Werknemer is op 4 januari 2016 in dienst getreden bij werkgever als plaatsingsmedewerker. Op 2 september 2016 heeft werkgever werknemer aangesproken op het wegnemen van dakplaten uit het magazijn van het bedrijf. Bij brief van 6 september 2016 heeft werkgever werknemer op staande voet ontslagen en heeft werkgever bij de politie aangifte gedaan van verduistering door werknemer.
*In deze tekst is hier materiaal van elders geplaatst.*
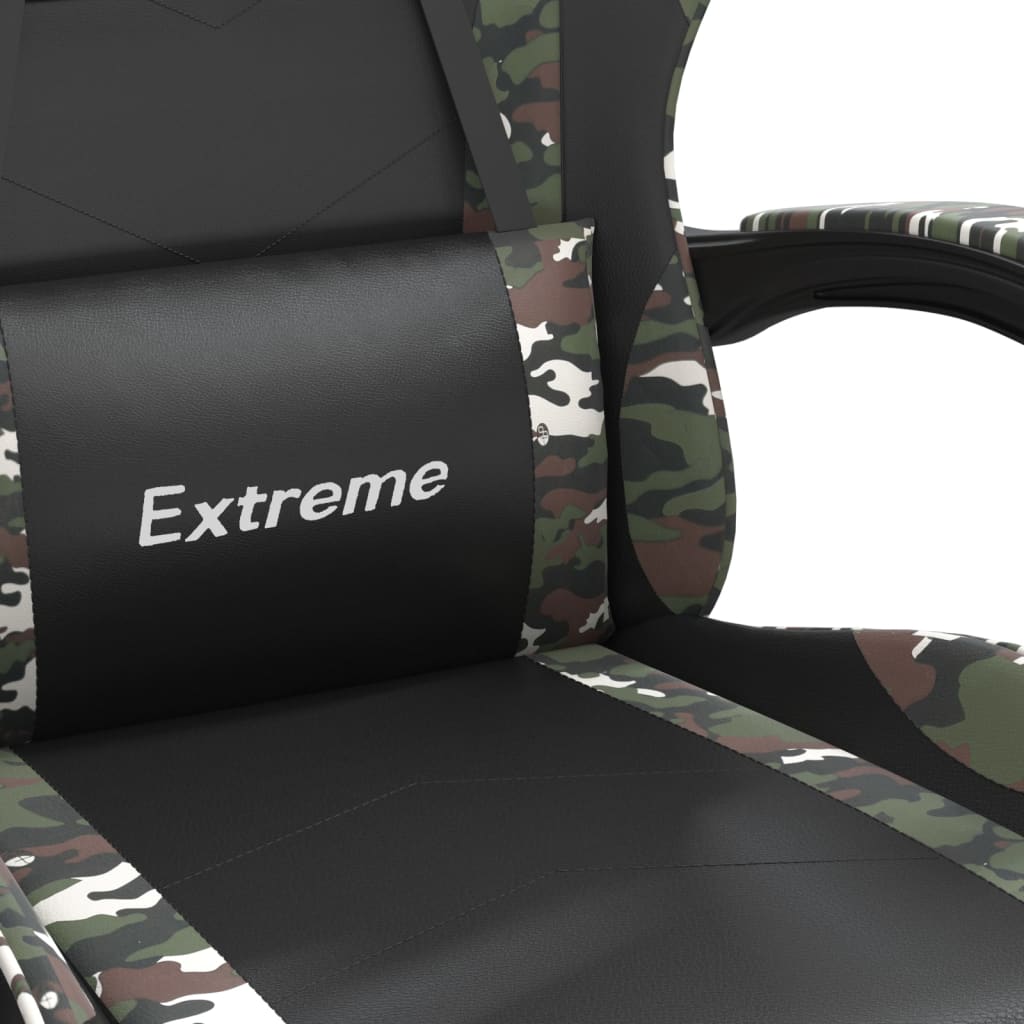 Gaming Chair with Footrest Black and Camouflage Faux Leather - Newstart Furniture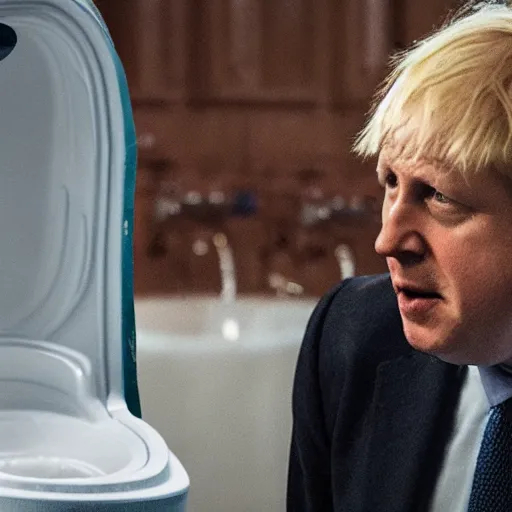 Image similar to movie scene of boris johnson as a urinal, photorealistic, 8 k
Werknemer verzoekt om aan hem wegens de onregelmatigheid van het ontslag een schadevergoeding ex artikel 7:672 BW toe te kennen vermeerderd met een billijke vergoeding ex artikel 7:681 BW ter hoogte van € 5000 bruto.

Oordeel

Het verzoek stelt aan de orde of er een geldige dringende reden is geweest voor het op 6 september 2016 door werkgever aan werknemer gegeven ontslag op staande voet. Werknemer betwist dat allereerst met een beroep op een tweetal formele gronden. Aan hem zou voor het ontslag niet een voldoende duidelijk verwijt zijn gemaakt en bovendien is dat ontslag niet onverwijld gegeven. Werknemer heeft op 2 september 2016 te horen gekregen dat werkgever hem ervan verdacht handelsmaterialen (een dakplaat) te hebben verduisterd, daarover is (verhit) gediscussieerd en werknemer heeft toen te horen gekregen dat hij ‘niet meer terug hoefde te komen’. Vervolgens heeft hij enkele dagen later de ontslagbrief van 6 september 2016 ontvangen en heeft hij de inhoud daarvan meteen betrokken op dit eerdere gesprek. Dat heeft werknemer ter zitting erkend. Hij begreep dus precies waarom hij op staande voet werd ontslagen en aan het anders gestelde in het verzoekschrift wordt daarom voorbijgegaan. Ervan uitgaande dat het vermoeden van verduistering na het horen van werknemer daarover op 2 september stand hield en in aanmerking nemende dat toen de non-activiteit van werknemer werd ingesteld, hetgeen de kantonrechter afleidt uit de in zoverre niet weersproken aangifte van werkgever, wordt geoordeeld dat werkgever met het geven van het ontslag op 6 september 2016 de aan de onverwijldheidseis te stellen grens niet heeft overschreden. Uit het tot dusverre overwogene volgt dus dat inhoudelijk beoordeeld moet worden of zich een dringende reden voor ontslag op staande voet heeft voorgedaan. Het gaat dan (simpel) om de vraag of werknemer een dakplaat heeft verduisterd. Werknemer heeft betwist dat hij voor een vriend een dakplaat heeft geplaatst zonder deze in rekening te brengen. Aan werkgever zal daarom bewijs van dit gestelde feit worden opgedragen, omdat dit – mits bewezen – het ontslag op staande voet wel rechtvaardigt. In afwachting van de bewijslevering wordt iedere verdere beslissing aangehouden.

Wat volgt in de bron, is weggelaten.